In deze uitspraak beoordeelt de rechtbank het beroep dat eiser heeft ingesteld tegen de minister van Justitie en Veiligheid, omdat deze niet tijdig heeft beslist op zijn Wet open overheid (Woo)-verzoek van 4 december 2024. De rechtbank oordeelt dat het beroep kennelijk gegrond is en doet uitspraak zonder zitting, zoals toegestaan onder artikel 8:54 van de Algemene wet bestuursrecht (Awb). De rechtbank stelt vast dat de minister op 15 januari 2025 had moeten beslissen, maar dit niet heeft gedaan. Eiser heeft de minister op 13 mei 2025 in gebreke gesteld, waarna de termijn voor de minister om alsnog te beslissen is verstreken.

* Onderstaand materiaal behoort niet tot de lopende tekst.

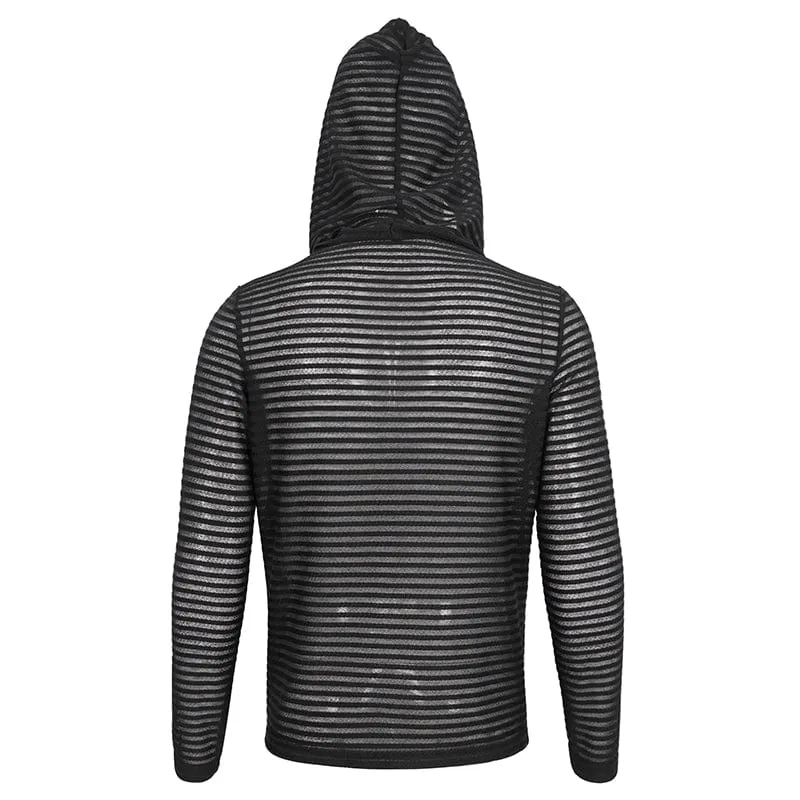 Men's Punk Striped Sheer Hoodies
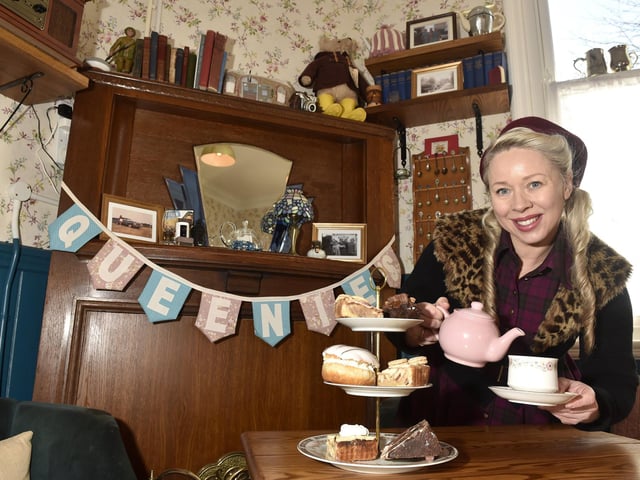 Queenie's Vintage Tea Room on Platform 2 at Emsworth Train Station. This tea room is so quirky and has an outdoor area which is perfect for the summer months. The venue has a range of tasty treats on offer. Pictured is: Queenie Butler-Hoskins, owner. Picture: Sarah Standing (160124-4889)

De rechtbank bepaalt dat de minister alsnog binnen twee weken na deze uitspraak een besluit moet nemen. De minister heeft in zijn verweerschrift aangegeven dat de overschrijding van de beslistermijn mede te wijten is aan de omvang van het verzochte document, dat uit 278 pagina’s bestaat en gevoelige informatie bevat. De rechtbank oordeelt dat een langere termijn dan twee weken gerechtvaardigd is, en stelt de nieuwe beslistermijn op 24 september 2025.
Daarnaast legt de rechtbank een dwangsom op van € 100,- per dag voor elke dag dat de minister de beslistermijn overschrijdt, met een maximum van € 15.000,-. De rechtbank concludeert dat het beroep gegrond is, en dat de minister het griffierecht van € 194,- aan eiser moet vergoeden. De uitspraak is gedaan door mr. M. Snoeks, rechter, en openbaar gemaakt op 15 juli 2025.